# [Supplied material]
◇ ◇ ◇ ◇

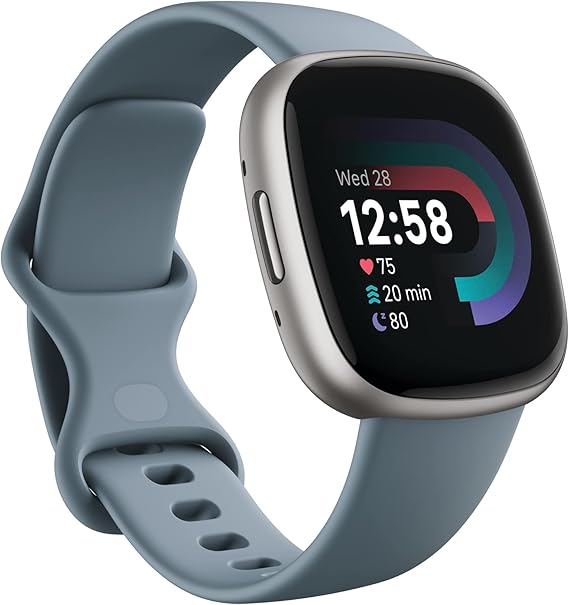 Smartwatch Versa 4: Advanced Fitness Smartwatch with Built-in GPS + 24/7 Heart Rate, Daily Readiness Score, 40+ Exercise Modes, Sleep & Stress Tracking | 1-Year Warranty, 14-Day Hassle-Free Returns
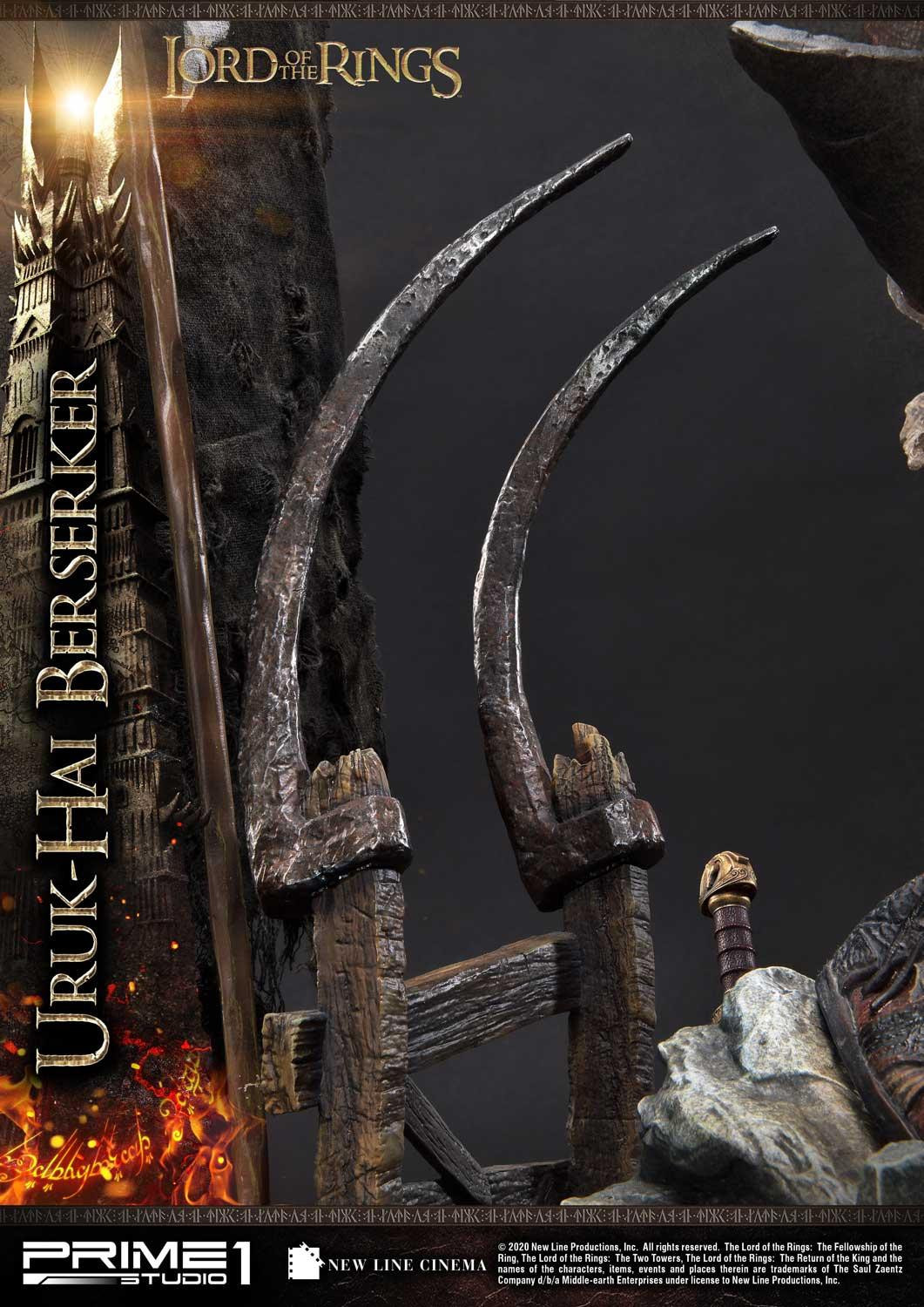 Lord of the Rings: The Two Towers - Uruk-Hai Berserker - Premium Masterline  (PMLOTR-04DX) - 1/4 - DX Version (Prime 1 Studio) photo 62
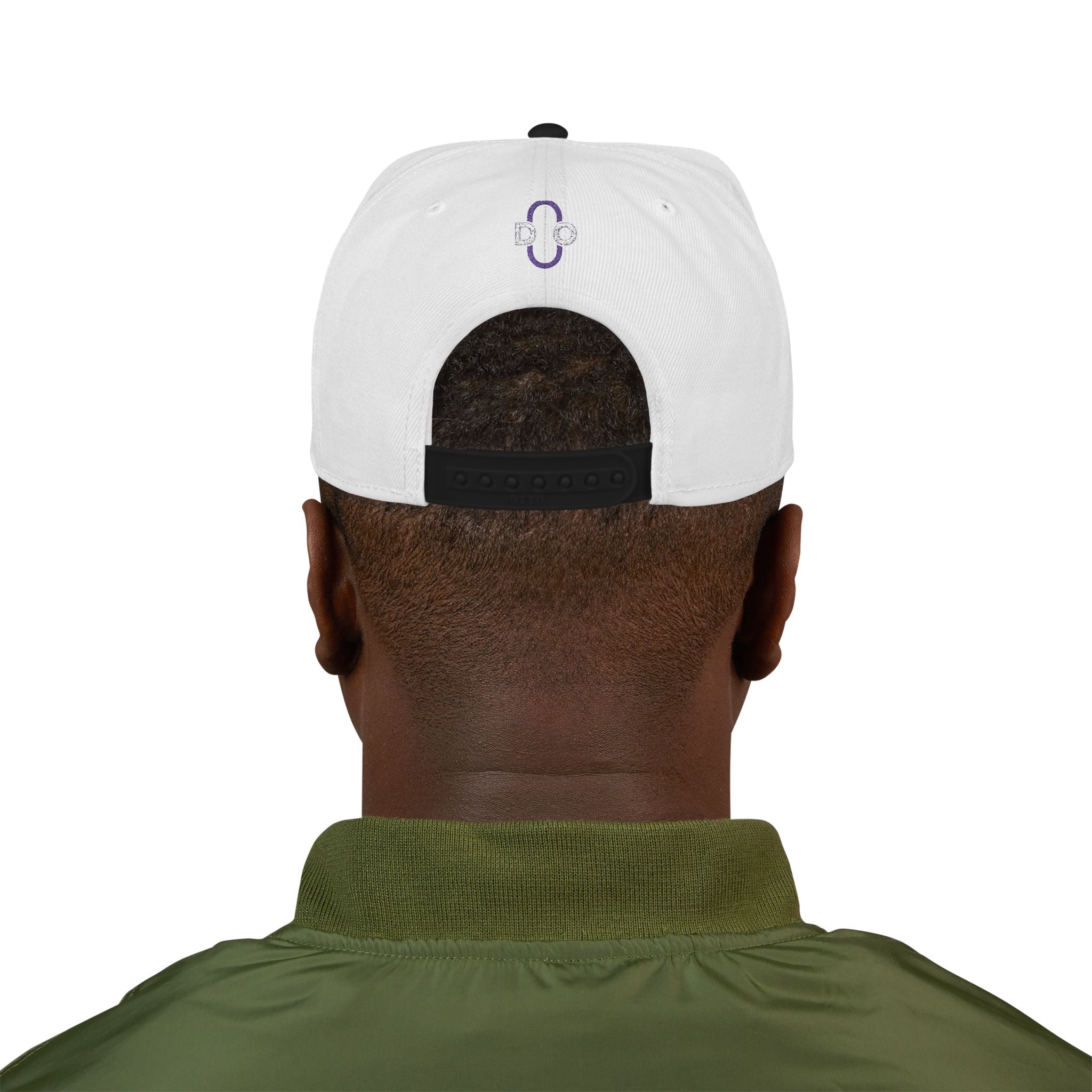 DO Chain Embroidered Snapback Hat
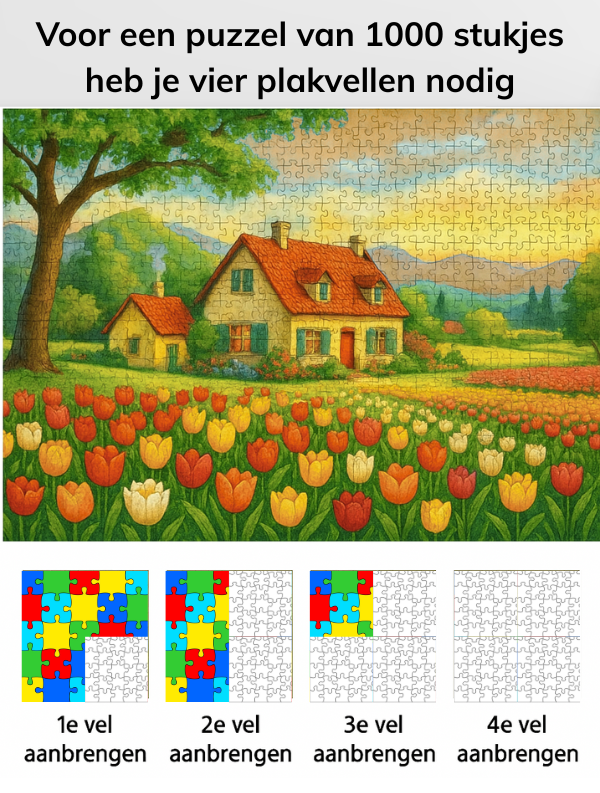 Puzzel Lijm Vellen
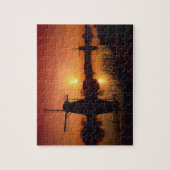 Puzzle Les moulins à vent au coucher du soleil, Kinderdij (Vertical)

◇ ◇ ◇ ◇

Omit the pictures, then print the rest of the listing above exactly.

 Smartwatch Versa 4: Advanced Fitness Smartwatch with Built-in GPS + 24/7 Heart Rate, Daily Readiness Score, 40+ Exercise Modes, Sleep & Stress Tracking | 1-Year Warranty, 14-Day Hassle-Free Returns
 Lord of the Rings: The Two Towers - Uruk-Hai Berserker - Premium Masterline  (PMLOTR-04DX) - 1/4 - DX Version (Prime 1 Studio) photo 62
 DO Chain Embroidered Snapback Hat
 Puzzel Lijm Vellen
 Puzzle Les moulins à vent au coucher du soleil, Kinderdij (Vertical)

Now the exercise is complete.